"Captivity" Audience Rebels as 'Torture Porn' Arouses MPAA Fury
In Hollywood, unprecedented chutzpah is usually met with approbation, not probation.
But not today.
The Motion Picture Association today took the unusual step of issuing a month-long suspension of the ratings process for Roland Joffe's upcoming horror film, "Captivity." The film was planned for a May 18 release, but will not have to wait a full month before it can go before the MPAA ratings board, meaning that it will likely miss its planned release date if it wants to get a rating.
This all started a week ago, when "Captivity" billboards starting putting people off their lunch in L.A. and New York: Four graphic panels showed a young woman going through "abduction," "confinement," "torture" and "termination." As the Los Angeles Times columnist Steve Lopez aptly put it, "I thought about ordering up a photo of the billboard for this column, but trust me, you don't want to see it. I felt like I needed to take a shower just from having been within a hundred feet of it."

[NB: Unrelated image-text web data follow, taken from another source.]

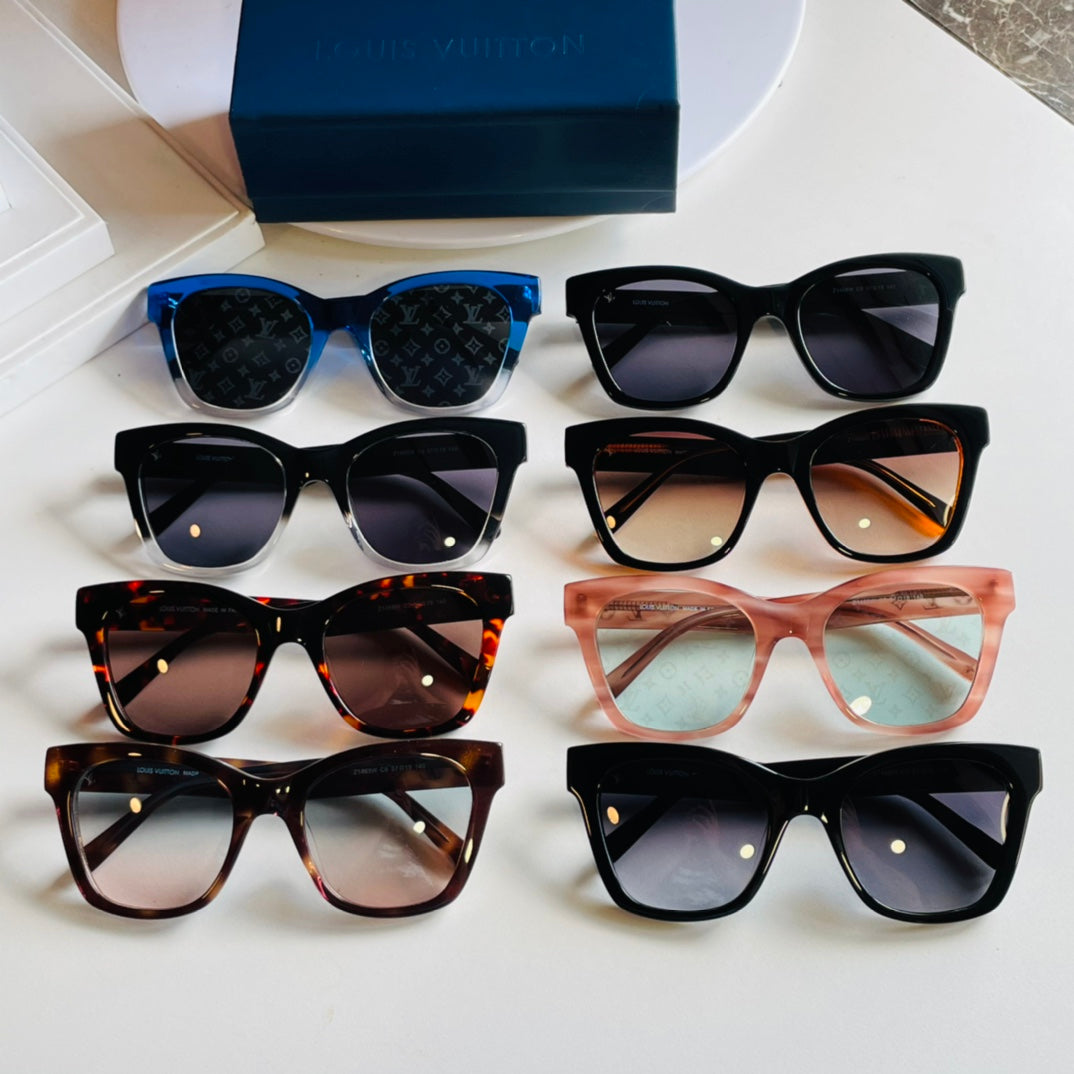 Louis Vuitton Sunglasses - DEEPREPS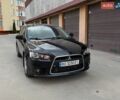 Черный Мицубиси Лансер, объемом двигателя 2 л и пробегом 239 тыс. км за 6500 $, фото 1 на Automoto.ua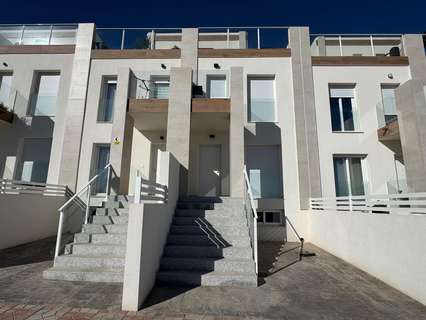 Casa en venta en Santa Pola zona Gran Alacant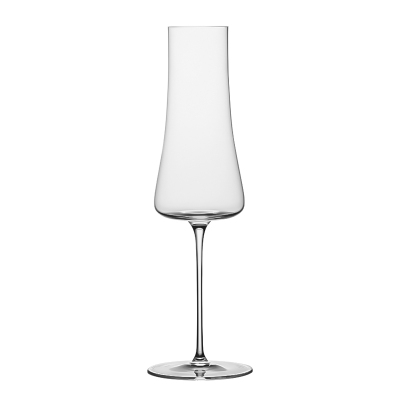 CRISON高端水晶玻璃香槟酒杯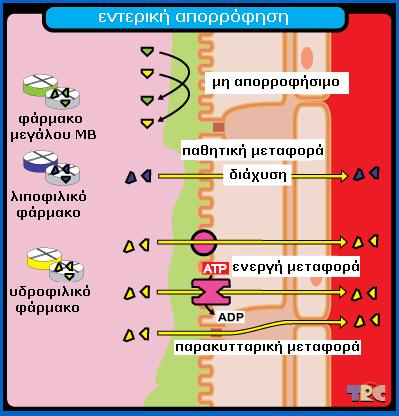 φαρμάκων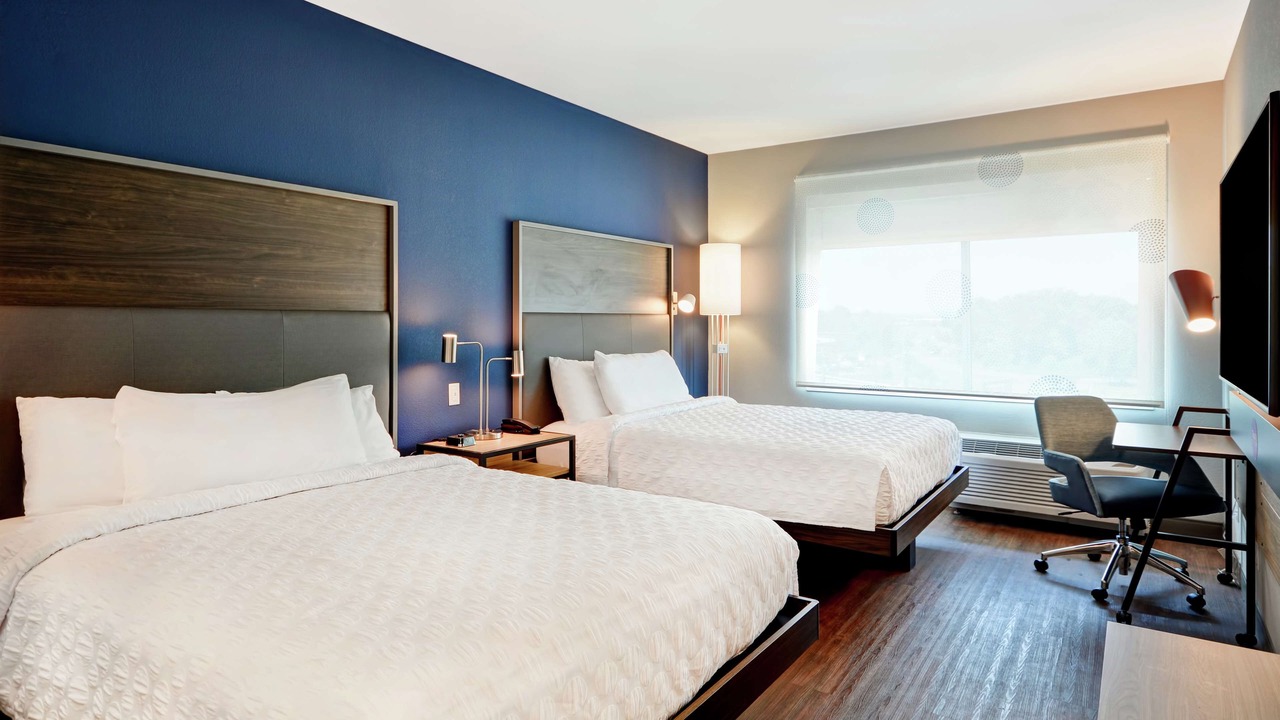 Photo of Bedroom in Reamstown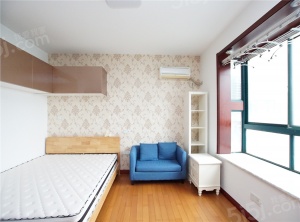 天禧星园 1室1厅1卫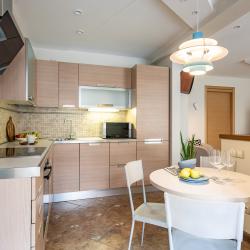 фото 11 Апартаменты Merino Home Geometrica (Мерино Хоум Геометрика)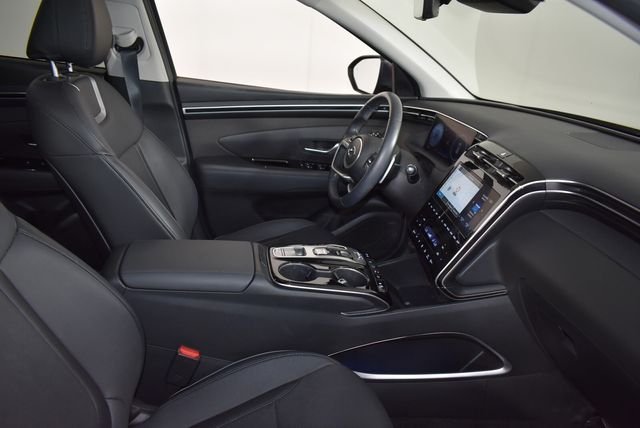2024 Hyundai Tucson Limited - Photo 17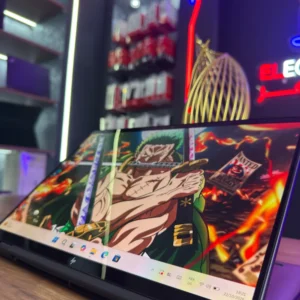 HP Spectre x360 14 PC 2-en-1 charnière 360°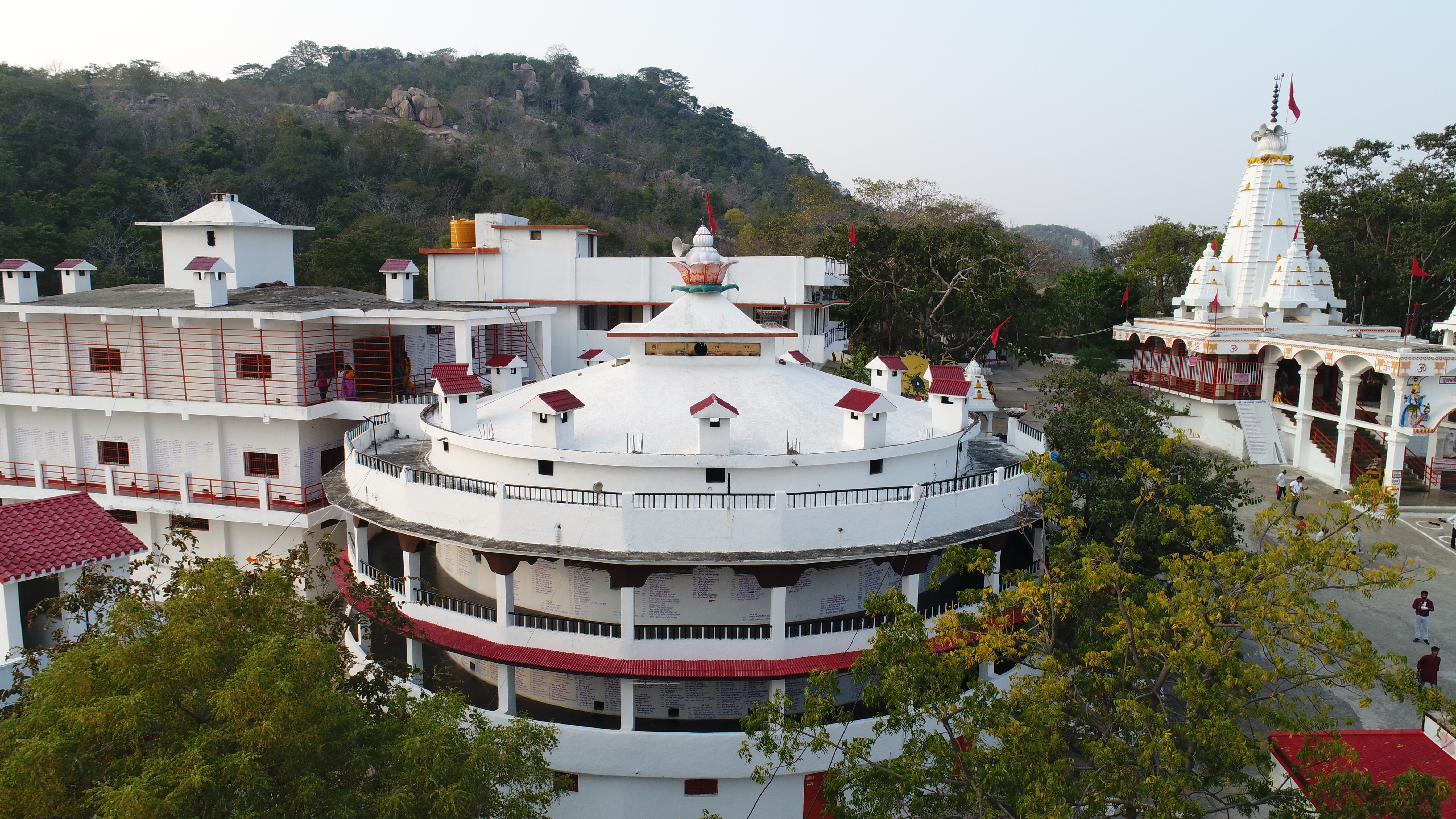 Chandi Mata Temple 7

Jill Soloway, who knows a thing or two about the portrayal of death from her stint as the executive producer of HBO's "Six Feet Under," blogged on the Huffington Post, that "it somehow managed to recall Abu Ghraib, the Holocaust, porn and snuff films all at once."
The MPAA says the 'art' work was "summarily rejected" but went up on billboards anyway. After Dark insisted it was a "communications error" with their printer, and said they'd be taken down. Six days later, they were still up. Finally, they came down, but were replaced with a defiant "'Captivity' was here." Hardly contrition, though Courtney Soloman, the film's producer, said "nothing like this can ever happen again."

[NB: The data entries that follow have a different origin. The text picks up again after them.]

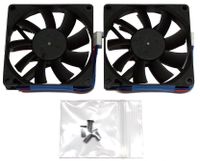magnaroute Fan Kit compatible with Cisco 2691 and 3725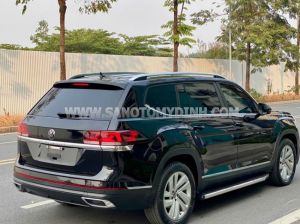 Xe Volkswagen Teramont 2.0 AT 2022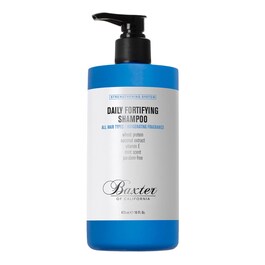Shampoo Fortificante enutriente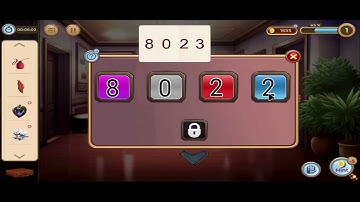 Web of Lies Midnight Murders Level 1 Walkthrough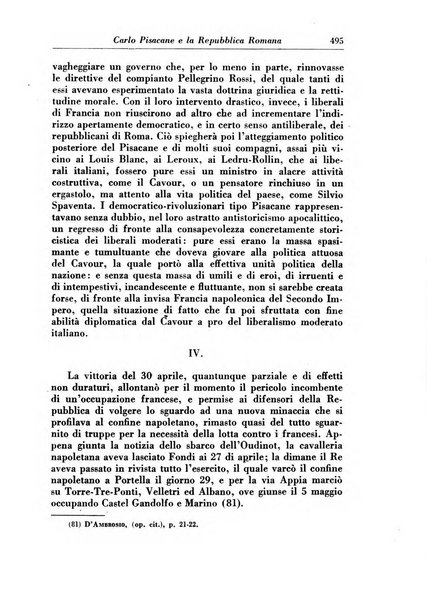 Rassegna storica del Risorgimento organo della Società nazionale per la storia del Risorgimento italiano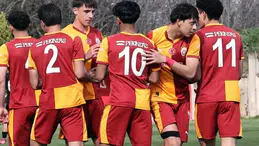 Galatasaray'da Can Armando Güner için ayrılık gündemde: Ocakta gidebilir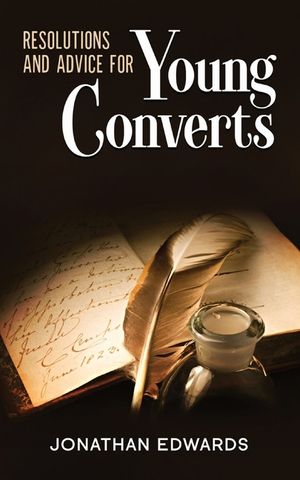 Resolutions and Advice to Young Converts: Annotated image number 0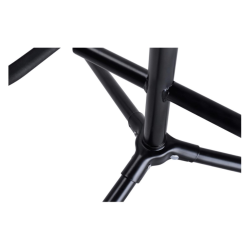 Soundsation SGS-210 Supporto Doppio per Chitarra e Basso Regolabile - 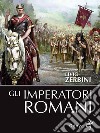 Gli imperatori romani. E-book. Formato EPUB ebook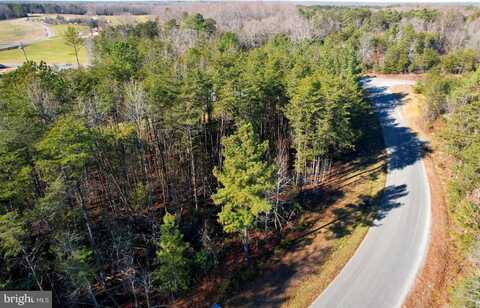 Lot7 LONG BRANCH ROAD, WOODFORD, VA 22580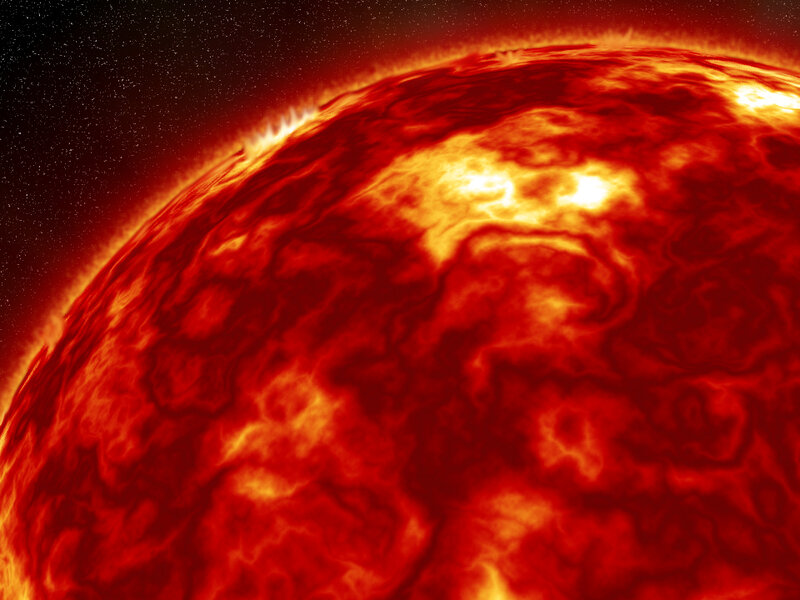Sun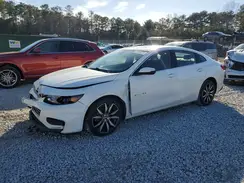 1G1ZE5ST5HF286782 2017 CHEVROLET MALIBU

Now, per the MPAA, "the production company and its distributors will also be required to clear not only all promotional materials but also the locations and venues of all advertising buys relating to the film" -- the first time such a demand has ever been issued by the MPAA.
Clearly, we're in for some interesting times ahead: In a recent interview with MTV.com, 'splat pack' director Eli Roth ("Hostel") had this to say: "Hopefully, we'll get to a point where there are absolutely no restrictions on any kind of violence in movies."
And as for After Dark, well, even more good news: They've just acquired the North American distribution rights to the suicide-themed comedy, "Wristcutters," about young adults who kill themselves and end up in purgatory. They're currently planning a campaign wherein teens are shown committing suicide by jumping off bridges, electrocuting or hanging themselves.